# Problem details
Print word for word the first line of the records below and every following line through the one containing "Two Bedroom Apartment"; print nothing else.

*** Data

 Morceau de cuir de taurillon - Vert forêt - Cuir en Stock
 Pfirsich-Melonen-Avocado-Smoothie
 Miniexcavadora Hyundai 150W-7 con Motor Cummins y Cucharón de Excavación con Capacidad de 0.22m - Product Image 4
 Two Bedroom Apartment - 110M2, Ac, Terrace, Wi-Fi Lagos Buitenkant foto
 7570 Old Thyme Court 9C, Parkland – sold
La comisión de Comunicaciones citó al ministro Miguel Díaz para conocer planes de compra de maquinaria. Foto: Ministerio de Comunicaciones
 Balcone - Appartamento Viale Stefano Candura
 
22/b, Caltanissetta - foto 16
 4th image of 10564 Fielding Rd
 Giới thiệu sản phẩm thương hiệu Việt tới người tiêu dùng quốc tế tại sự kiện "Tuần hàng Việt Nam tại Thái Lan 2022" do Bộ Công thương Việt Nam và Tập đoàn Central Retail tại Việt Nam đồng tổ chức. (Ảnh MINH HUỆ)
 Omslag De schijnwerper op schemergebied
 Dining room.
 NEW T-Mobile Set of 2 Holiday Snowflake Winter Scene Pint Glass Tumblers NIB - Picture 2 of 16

******

# Output below
 Morceau de cuir de taurillon - Vert forêt - Cuir en Stock
 Pfirsich-Melonen-Avocado-Smoothie
 Miniexcavadora Hyundai 150W-7 con Motor Cummins y Cucharón de Excavación con Capacidad de 0.22m - Product Image 4
 Two Bedroom Apartment - 110M2, Ac, Terrace, Wi-Fi Lagos Buitenkant foto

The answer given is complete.